(Short text fragments from websites)
[Start of section]
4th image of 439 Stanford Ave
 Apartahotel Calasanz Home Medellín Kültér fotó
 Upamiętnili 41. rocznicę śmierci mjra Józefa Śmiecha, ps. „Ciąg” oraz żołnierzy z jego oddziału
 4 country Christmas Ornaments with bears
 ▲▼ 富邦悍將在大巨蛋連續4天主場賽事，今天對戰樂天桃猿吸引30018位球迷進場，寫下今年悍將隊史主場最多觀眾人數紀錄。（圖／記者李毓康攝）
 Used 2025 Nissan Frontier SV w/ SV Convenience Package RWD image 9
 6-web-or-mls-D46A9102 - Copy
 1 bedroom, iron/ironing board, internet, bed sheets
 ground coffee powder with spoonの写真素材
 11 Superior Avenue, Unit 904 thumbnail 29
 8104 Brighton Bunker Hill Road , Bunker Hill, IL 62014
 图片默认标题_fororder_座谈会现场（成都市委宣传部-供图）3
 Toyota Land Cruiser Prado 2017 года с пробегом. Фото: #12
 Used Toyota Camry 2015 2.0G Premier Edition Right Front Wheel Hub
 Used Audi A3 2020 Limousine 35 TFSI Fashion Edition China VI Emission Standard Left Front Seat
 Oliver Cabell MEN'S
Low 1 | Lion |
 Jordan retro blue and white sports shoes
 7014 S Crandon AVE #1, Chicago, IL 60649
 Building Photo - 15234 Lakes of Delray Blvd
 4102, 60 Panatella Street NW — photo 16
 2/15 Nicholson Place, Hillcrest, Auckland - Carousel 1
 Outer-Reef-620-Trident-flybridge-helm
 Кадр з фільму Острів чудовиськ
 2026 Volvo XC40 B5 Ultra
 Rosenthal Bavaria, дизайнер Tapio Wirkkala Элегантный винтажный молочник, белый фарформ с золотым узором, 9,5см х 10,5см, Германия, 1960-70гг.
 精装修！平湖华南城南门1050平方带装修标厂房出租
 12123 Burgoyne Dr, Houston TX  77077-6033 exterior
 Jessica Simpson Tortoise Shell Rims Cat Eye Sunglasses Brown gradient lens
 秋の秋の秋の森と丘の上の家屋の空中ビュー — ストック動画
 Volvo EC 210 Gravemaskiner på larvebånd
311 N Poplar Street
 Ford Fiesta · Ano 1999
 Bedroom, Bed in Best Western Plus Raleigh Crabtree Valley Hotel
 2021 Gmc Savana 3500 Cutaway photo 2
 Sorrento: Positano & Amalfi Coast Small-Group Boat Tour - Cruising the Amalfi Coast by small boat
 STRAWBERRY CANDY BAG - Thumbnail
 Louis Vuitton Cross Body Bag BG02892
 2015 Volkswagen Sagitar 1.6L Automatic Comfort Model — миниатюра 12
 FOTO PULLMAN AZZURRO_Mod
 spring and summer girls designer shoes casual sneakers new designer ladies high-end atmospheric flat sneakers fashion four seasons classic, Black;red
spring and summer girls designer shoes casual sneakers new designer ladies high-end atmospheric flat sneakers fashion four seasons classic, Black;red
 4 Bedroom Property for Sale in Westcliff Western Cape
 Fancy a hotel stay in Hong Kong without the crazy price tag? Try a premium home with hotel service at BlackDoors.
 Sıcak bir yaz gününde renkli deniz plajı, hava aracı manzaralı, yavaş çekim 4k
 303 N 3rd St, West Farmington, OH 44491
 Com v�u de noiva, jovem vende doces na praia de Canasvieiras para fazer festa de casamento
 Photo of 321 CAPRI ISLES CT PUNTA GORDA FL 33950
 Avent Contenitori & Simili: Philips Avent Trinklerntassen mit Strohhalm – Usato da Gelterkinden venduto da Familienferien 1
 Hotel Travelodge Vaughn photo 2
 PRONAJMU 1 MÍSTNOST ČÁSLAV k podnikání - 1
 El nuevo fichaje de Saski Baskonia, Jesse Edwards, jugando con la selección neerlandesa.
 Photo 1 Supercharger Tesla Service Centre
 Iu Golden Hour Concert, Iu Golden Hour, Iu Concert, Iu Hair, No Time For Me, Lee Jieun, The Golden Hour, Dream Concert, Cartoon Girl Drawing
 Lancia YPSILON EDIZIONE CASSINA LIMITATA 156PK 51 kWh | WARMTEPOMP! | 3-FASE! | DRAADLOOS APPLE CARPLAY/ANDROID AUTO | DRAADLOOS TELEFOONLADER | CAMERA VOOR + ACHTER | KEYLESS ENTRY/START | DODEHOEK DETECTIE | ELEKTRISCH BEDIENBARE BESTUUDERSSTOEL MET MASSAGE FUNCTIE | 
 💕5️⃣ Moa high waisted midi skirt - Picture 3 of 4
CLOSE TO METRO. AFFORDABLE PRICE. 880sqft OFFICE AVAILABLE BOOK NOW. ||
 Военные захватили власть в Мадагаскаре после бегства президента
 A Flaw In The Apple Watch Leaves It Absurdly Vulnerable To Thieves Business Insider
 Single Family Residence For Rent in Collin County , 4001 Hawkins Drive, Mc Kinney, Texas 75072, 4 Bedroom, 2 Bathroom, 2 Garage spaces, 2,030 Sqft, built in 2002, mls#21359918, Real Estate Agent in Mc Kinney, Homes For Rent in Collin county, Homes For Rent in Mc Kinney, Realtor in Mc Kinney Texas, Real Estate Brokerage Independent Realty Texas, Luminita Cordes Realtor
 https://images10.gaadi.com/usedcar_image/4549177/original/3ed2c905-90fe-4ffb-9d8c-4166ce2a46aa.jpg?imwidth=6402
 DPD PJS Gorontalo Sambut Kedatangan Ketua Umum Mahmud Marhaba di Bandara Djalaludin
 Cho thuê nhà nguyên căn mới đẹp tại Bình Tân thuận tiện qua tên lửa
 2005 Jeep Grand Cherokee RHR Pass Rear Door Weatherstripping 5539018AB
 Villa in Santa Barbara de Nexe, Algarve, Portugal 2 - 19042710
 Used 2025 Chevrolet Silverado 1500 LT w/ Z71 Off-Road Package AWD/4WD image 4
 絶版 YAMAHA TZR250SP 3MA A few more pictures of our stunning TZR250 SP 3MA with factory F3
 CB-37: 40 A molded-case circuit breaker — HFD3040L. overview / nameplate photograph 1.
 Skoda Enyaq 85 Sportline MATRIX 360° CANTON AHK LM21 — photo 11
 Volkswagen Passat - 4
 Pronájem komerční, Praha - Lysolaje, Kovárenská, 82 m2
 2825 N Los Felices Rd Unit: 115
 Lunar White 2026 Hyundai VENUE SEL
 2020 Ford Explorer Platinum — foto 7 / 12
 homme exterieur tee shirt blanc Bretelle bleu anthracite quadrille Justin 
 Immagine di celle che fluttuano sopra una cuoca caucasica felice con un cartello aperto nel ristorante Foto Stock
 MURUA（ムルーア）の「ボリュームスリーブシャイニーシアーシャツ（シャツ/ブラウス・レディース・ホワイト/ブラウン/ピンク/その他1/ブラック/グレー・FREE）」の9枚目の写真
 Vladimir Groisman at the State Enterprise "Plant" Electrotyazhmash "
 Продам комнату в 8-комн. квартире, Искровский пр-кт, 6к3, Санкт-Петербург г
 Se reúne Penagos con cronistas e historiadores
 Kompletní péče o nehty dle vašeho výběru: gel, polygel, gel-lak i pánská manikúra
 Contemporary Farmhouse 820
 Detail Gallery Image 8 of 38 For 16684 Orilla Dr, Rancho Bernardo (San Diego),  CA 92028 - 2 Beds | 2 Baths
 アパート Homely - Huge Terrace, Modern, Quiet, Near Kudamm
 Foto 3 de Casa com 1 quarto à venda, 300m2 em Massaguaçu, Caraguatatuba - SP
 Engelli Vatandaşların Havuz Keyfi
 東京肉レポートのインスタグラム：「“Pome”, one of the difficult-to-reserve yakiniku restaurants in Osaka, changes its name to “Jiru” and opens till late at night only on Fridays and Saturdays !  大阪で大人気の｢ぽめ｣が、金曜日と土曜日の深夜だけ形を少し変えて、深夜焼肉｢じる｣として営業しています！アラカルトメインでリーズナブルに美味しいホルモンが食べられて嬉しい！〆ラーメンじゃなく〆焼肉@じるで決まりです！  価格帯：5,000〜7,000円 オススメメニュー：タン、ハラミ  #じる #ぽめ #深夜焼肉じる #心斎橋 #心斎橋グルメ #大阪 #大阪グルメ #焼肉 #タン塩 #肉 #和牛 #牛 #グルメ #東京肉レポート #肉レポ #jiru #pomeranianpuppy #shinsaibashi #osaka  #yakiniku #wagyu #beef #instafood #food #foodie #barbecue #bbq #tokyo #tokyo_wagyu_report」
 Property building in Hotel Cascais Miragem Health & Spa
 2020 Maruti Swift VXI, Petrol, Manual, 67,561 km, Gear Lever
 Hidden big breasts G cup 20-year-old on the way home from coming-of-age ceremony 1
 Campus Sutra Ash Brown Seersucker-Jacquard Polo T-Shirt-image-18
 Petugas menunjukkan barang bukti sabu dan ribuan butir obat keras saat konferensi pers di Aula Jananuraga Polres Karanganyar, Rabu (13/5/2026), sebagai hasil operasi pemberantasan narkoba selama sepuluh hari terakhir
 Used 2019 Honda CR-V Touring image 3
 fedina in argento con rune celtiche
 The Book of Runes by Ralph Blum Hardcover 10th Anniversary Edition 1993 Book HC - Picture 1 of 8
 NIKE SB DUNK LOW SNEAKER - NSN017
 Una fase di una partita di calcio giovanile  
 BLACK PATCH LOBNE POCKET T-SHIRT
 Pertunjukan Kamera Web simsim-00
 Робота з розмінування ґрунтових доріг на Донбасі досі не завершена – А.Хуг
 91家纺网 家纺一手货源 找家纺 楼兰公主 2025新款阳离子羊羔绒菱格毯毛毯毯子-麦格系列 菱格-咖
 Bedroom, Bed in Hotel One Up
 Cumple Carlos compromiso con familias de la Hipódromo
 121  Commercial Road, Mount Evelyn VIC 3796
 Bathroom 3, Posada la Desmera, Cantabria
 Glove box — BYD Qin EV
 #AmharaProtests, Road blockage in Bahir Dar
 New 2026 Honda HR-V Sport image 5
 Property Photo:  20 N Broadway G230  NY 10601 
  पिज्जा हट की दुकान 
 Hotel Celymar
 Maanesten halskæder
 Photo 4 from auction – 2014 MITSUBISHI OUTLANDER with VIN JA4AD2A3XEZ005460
[End of section]
_Exercise brief_: For the string "Honda", return every line of the data where it appears.

_Response for this exercise_:
 Used 2019 Honda CR-V Touring image 3
 New 2026 Honda HR-V Sport image 5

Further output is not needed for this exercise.